It was open to the Magistrate to find that the appellant intentionally caused the dog harm in the form of damage, pain, suffering, distress or unconsciousness. One of these categories would have been sufficient, but the evidence was such as to establish ill treatment under each category.
As Mr Tremaine points out, in order to establish an offence under s 13(1) it is necessary to prove that the ill treatment caused the death of the animal. The evidence clearly established that the appellant caused damage to the dog which comes within the definition of “harm” as defined in s 3 of the Act. The damage, in turn, caused blood loss which resulted in death. When to this is added the evidence that the appellant acted intentionally and the harm caused was unnecessary, all elements of the offence are established.
In my view the conviction was not unsafe or unsatisfactory as alleged. I reject the arguments that the conviction cannot be supported having regard to the evidence and that the trial was unfair.
The appeal against conviction is dismissed.
Appeal against sentence
The appellant was sentenced to imprisonment for five months. The Magistrate declined to suspend the sentence.
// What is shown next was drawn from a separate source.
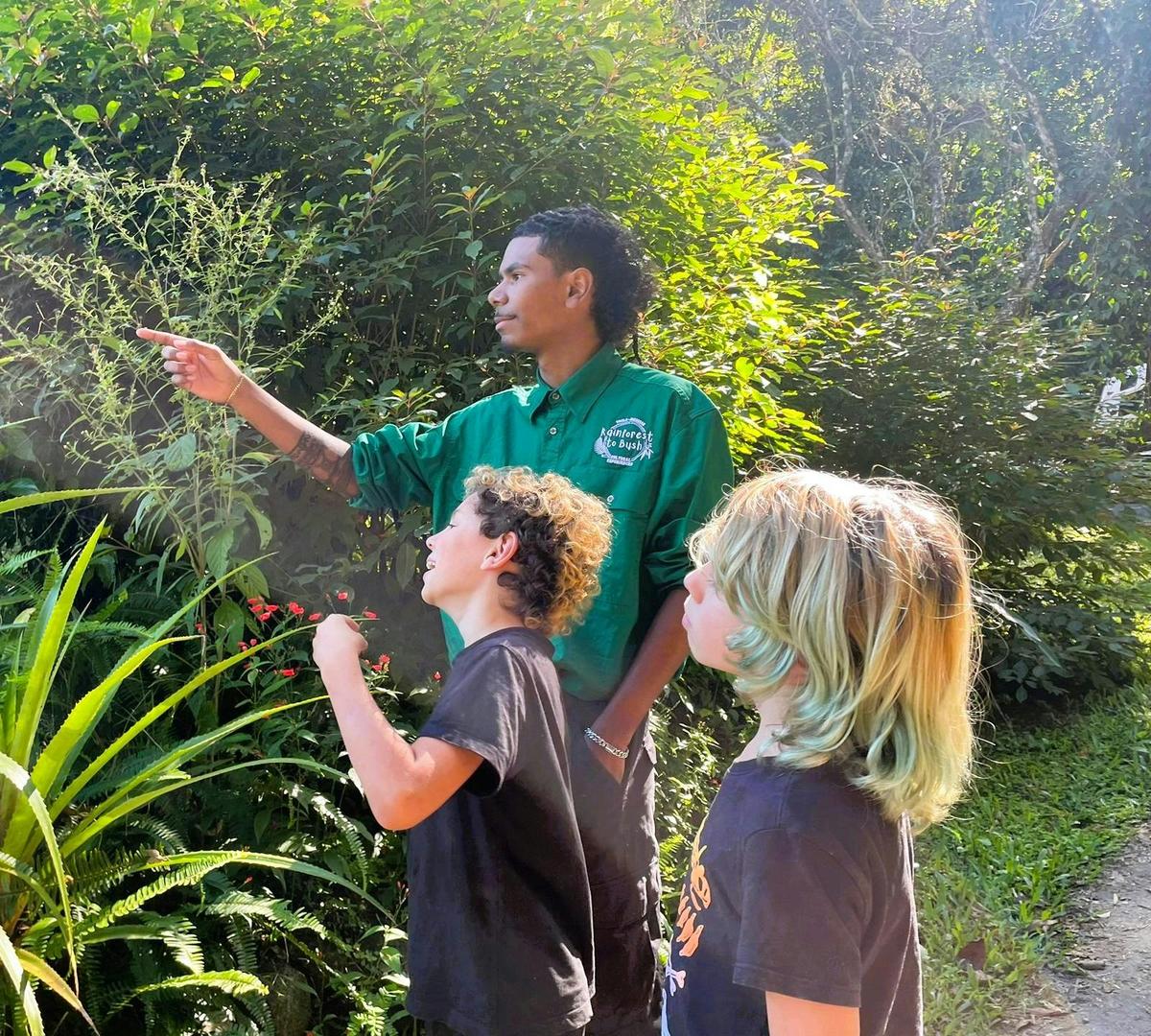 Rainforest To Bush Cultural Experiences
The appellant was 46 years of age at the time of the offence. He is in receipt of a disability support pension and has a history of alcohol abuse. He told the RSPCA inspectors he was affected by alcohol at the time of the offence. He has a number of convictions which were incurred from 1981 until 2003. They include two convictions for assault occasioning actual bodily harm recorded in 1985 and 2003. Mr Tremaine has drawn attention to the fact that the appellant has no convictions for animal cruelty.
The offence constituted a serious breach of the Act. The dog was killed in a cruel manner while the appellant was in a fit of anger and motivated by spite following a dispute with his girlfriend.
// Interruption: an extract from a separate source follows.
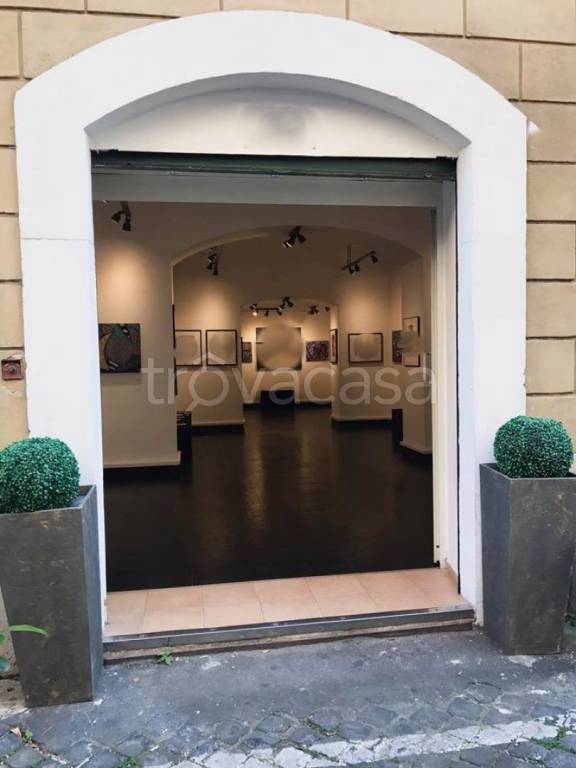 monolocale in affitto a Roma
The Act was amended on 4 October 2008. Under the previous legislation the maximum penalty for an offence of this nature was a fine of $10,000 or imprisonment for one year. The amendment created a new offence of aggravated ill treatment of an animal, the elements of which are set out in s 13(1). The maximum period of imprisonment provided for under this section is imprisonment for four years.
The Magistrate’s sentencing remarks do not disclose any error. The sentence of imprisonment was well within the Court’s discretion and the circumstances do not justify its suspension.
The appeal against sentence will be dismissed.